Pays le plus pollueur d’Europe, l’Allemagne produisait, au début de mandat d’Angela Merkel, son électricité à base d’énergies fossiles à 60%, grandes consommatrices de CO₂. Le charbon étant la principale matière première pour produire de l’électricité. Alors, lorsqu’elle prend la tête du pays, et au cours de chacun de ses mandats, la chancelière n’a cessé d’alerter sur l’urgence climatique. “Le changement climatique va déterminer le destin du monde” déclarait-elle en 2017 lors de la COP23.  

Ambitionner le climat à l’échelle internationale 

“Merkel était l’une des rares chefs d’État à avoir compris l’ampleur de la crise climatique” relève Andree Boehling, conseiller politique de l’équipe Climat et énergie de Greenpeace Allemagne. Angela Merkel s’implique rapidement dans les questions environnementales, jusqu’à pousser la protection du climat sur la scène internationale. “Son plus grand succès reste d’avoir incité les pays du G7 et du G20 à adopter une politique climatique plus ambitieuse”, précise Andree Boehling. 

  • En dehors des discours, Angela Merkel s’affiche aussi en images, marquant les Européens. “Il y a cette photo d’elle en manteau rouge derrière un glacier pour alerter sur le réchauffement climatique”, rappelle Marie Krpata, chercheuse au Comité d’études des relations franco-allemandes (Cerfa).

Pour faire face aux défis climatiques du pays, les projets sont nombreux pour le parti politique d’Angela Merkel, l’Union chrétienne démocrate. Les priorités de l’agenda : favoriser les énergies renouvelables et réduire les émissions de gaz à effet de serre. L’Allemagne compte alors remplacer progressivement sa consommation de charbon. “Le gouvernement a l’intention de porter la part actuelle des énergies renouvelables à au moins 65 ou 70% d’ici 2030”, précise le conseiller politique. 

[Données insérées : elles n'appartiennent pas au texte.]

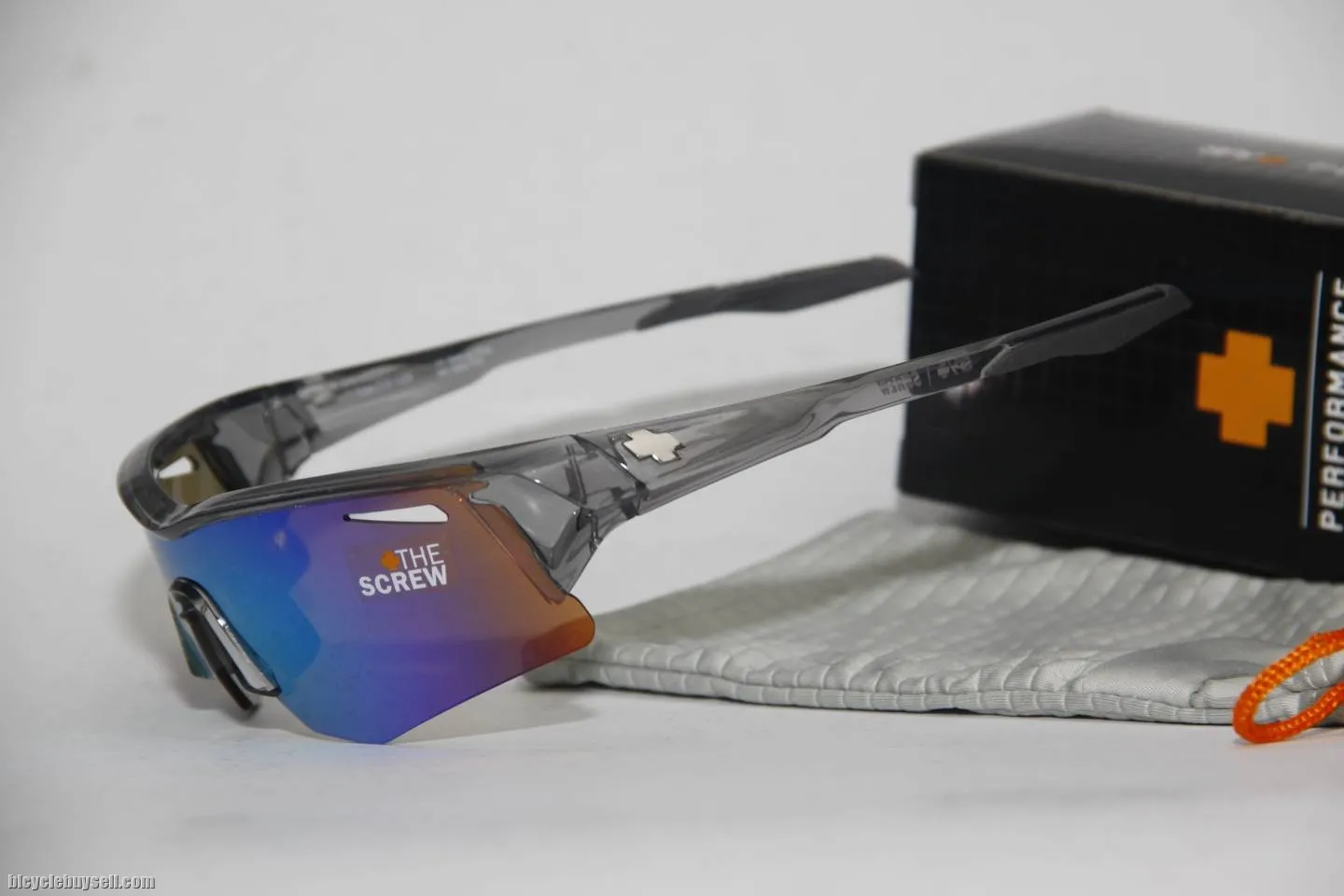 SPY Screw sunglasses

Le prix de l’électricité s’enflamme

  • Et les progrès sont bel et bien visibles. “En 15 ans, elle a amené la part des énergies renouvelables de 11% à 50%, détaille Marie Krpata. Elle a réussi à diminuer les émissions de gaz à effet de serre par habitant de 19%.” Cependant, ces 19% restent encore bien en dessous des progrès des pays voisins. À titre comparatif, la France, l’Italie et l’Espagne dépassent les 25%. Entre temps, la lutte contre le réchauffement climatique impose un coût de vie supplémentaire aux Allemands. Les mandats d’Angela Merkel imposent petit à petit une hausse du prix de l’électricité. 

Cette hausse de prix n’est pas passée inaperçue. Sur Twitter, en réponse à un thread sur le bilan économique d’Angela Merkel, un internaute répond : “la gravité du sabotage qu’elle a commis dans l’énergie, qui se traduit par les prix d’électricité les plus hauts du monde (avec le Danemark), est tragique. Et ça frappe les pauvres et les modestes.”

  • “L’électricité est plus chère qu’ailleurs. En Allemagne, il y a même une redevance qui permet de financer le passage aux énergies renouvelables”, confirme Marie Krpata. S’ajoute également une taxe carbone pour le chauffage et le carbone mis en place en 2021. “Le gouvernement espère récolter 40 milliards d’euros d’ici 2024 pour les réinvestir dans les énergies renouvelables” continue l’experte. 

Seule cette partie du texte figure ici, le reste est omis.